A Midsummer Night's Dream. 6: The Lovers' Quarrel
Demetrius and Lysander compete for Helena's love...and Hermia starts a fight.
6: The Lovers' Quarrel
Puck leads Helena to Demetrius, whereupon Lysander appears and restates his love for Helena. When Demetrius, who is sleeping close by, wakes up and sees Helena, he too falls madly in love with her under the influence of the magic flower. Helena thinks that she is now being made fun of by both Lysander and Demetrius.
Hermia arrives and Helena accuses her of being in on the joke as well. Hermia also thinks Lysander is mocking Helena; when she asks him to stop, Lysander turns on her. Hermia then turns on Helena, thinking that she has seduced Lysander with her height.
All four lovers almost come to blows, at which point Oberon appears and freezes them where they stand.
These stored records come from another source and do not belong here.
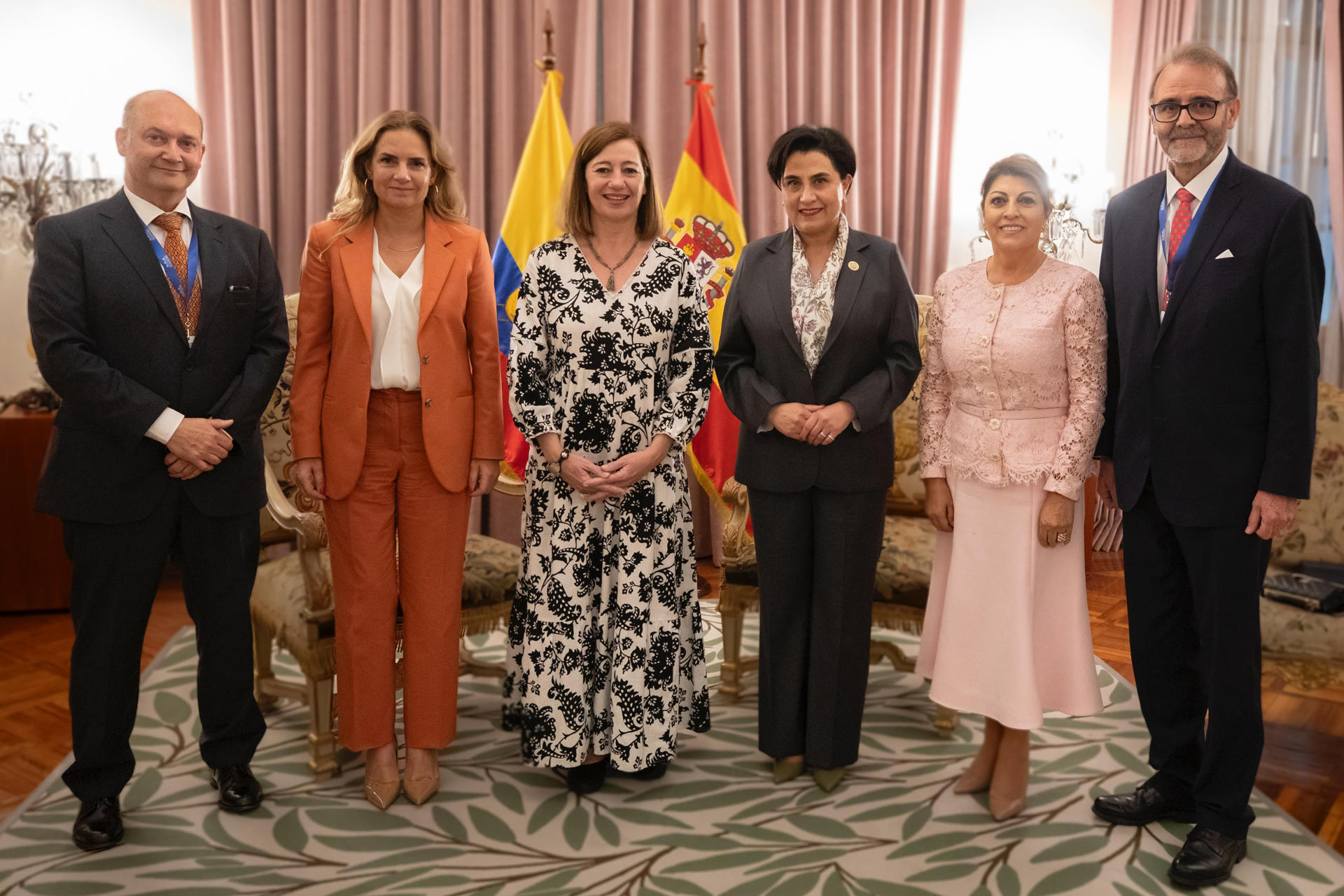 Fotografía cedida por el Ministerio de Relaciones Exteriores y Movilidad Humana de Ecuador que muestra desde la izquierda al embajador de España en Ecuador, Enrique Yturriaga, la secretaria de Estado para Iberoamérica y el Caribe y el Español en el Mundo del Gobierno de España, Susana Sumelzo, la presidenta del Congreso de los Diputados de España, Francina Armengol, la ministra de Relaciones Exteriores de Ecuador, Gabriela Sommerfeld, la embajadora de Ecuador en España, Wilma Andrade y del embajador de la Cancillería ecuatoriana Cristian Espinoza, durante una reunión bilateral en Quito. EFE/ Ministerio de Relaciones Exteriores y Movilidad Humana de Ecuador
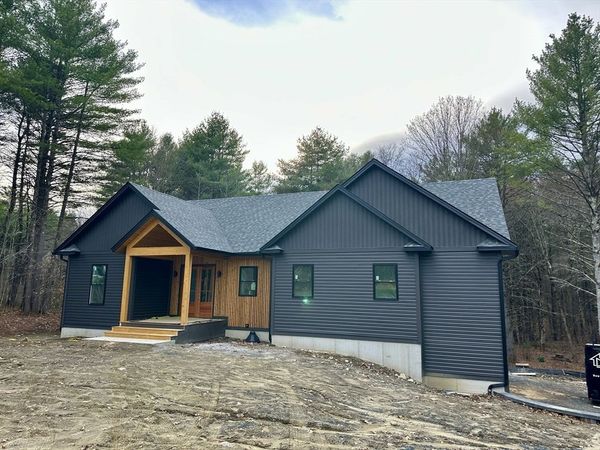 20 Merrifield Road, Bernardston, MA 01337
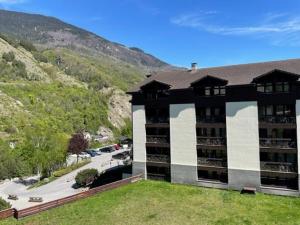 Zdjęcie z galerii obiektu Studio à Brides-les-Bains avec Balcon, Parking, Wi-Fi et Casier à Skis - FR-1-512-260 w mieście Brides-les-Bains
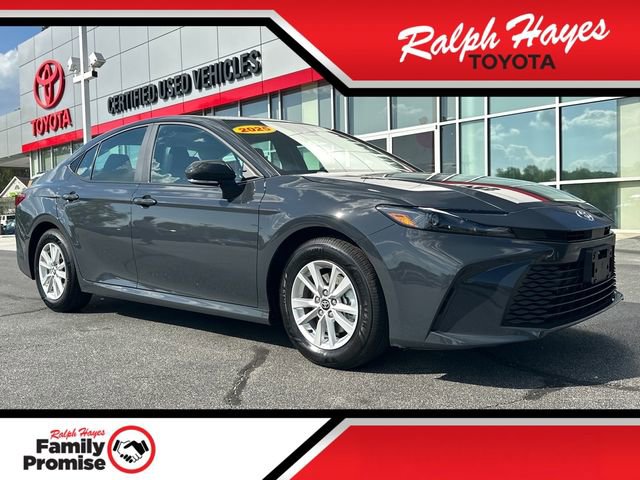 Used 2025 Toyota Camry LE FWD image 1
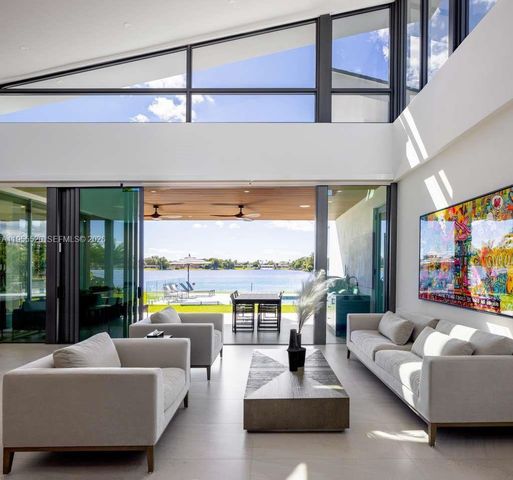 1830 NE 193rd St, Miami, FL 33179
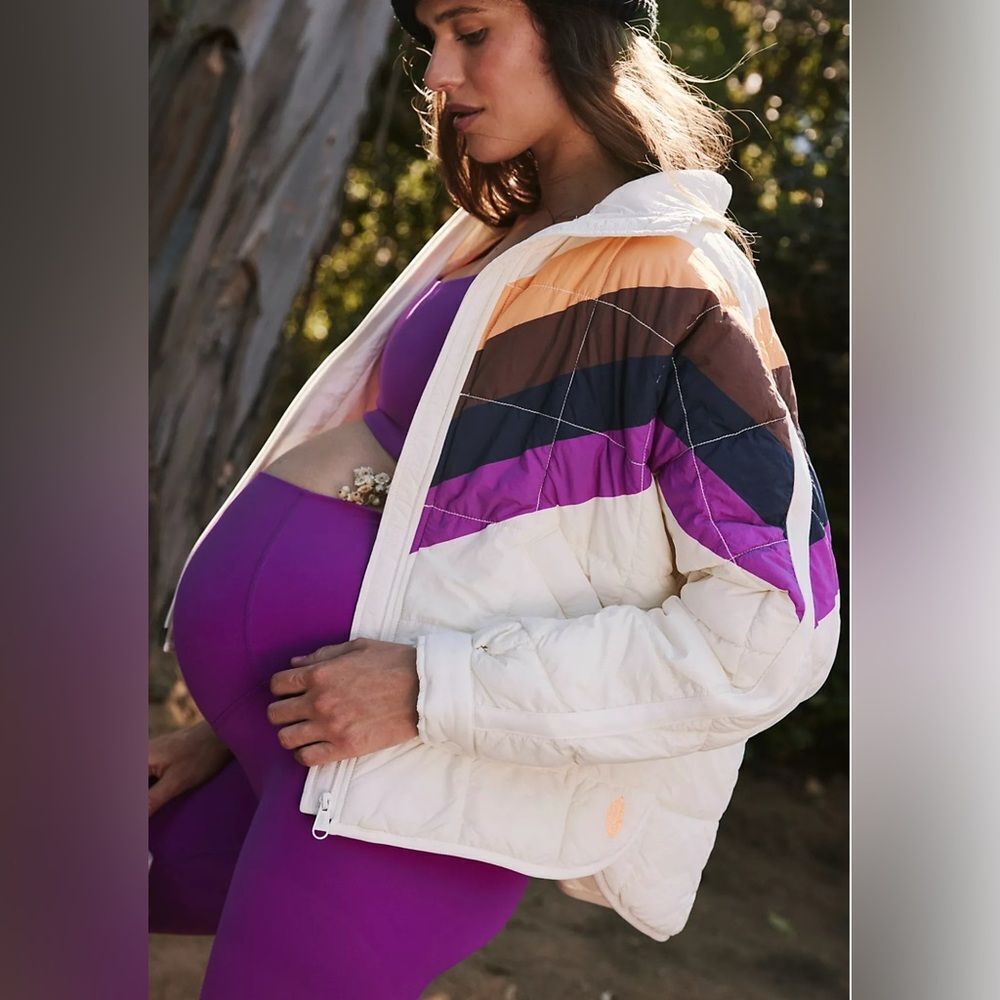 NWT FP Movement x Hatch Printed Puffer Jacket size Medium maternity - Picture 3 of 15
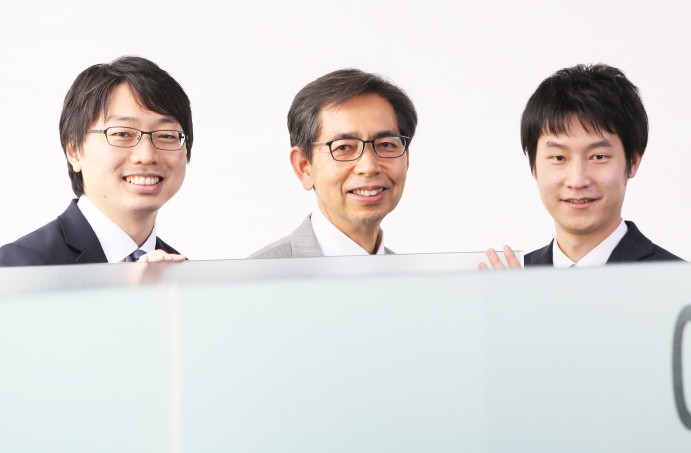 AGC paves the way to improved driving safety with innovative windshields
He's furious and commands Puck to lead the lovers through the forest until they all fall asleep and then to charm Lysander’s eyes so that he might fall in love with Hermia again. Puck summons a thick fog and prepares to lead the lovers their separate ways through the wood.
Activities - KS2
There is plenty of Shakespearean language for pupils to consider in this episode of the adaptation. Demetrius’s speech when he wakes up and sees Helena (“O Helena, goddess, perfect, divine! To what, my love, shall I compare your eyes? Crystal is too muddy...”) could lead to a discussion about metaphors and similes and even introduce some other famous imaginative comparisons from Shakespeare - eg Sonnets 18 and 130.
Helena and Hermia’s confrontation is peppered with Shakespearean insults - eg “juggler”, “canker-blossom”, “puppet”, “painted maypole”. Pupils could have a discussion about what these insults mean, as well as be given an opportunity to devise (and perform) their own Shakespearean insults with the aid of an insult generator worksheet.
Activities - KS3
Students could analyse selections from the original text of the lovers’ quarrel in Act 3, Scene 2, picking out notable words and phrases and identifying any language features that are used by Shakespeare to express character.
They could then attempt to re-write complete passages in modern prose, retaining the meaning of the original.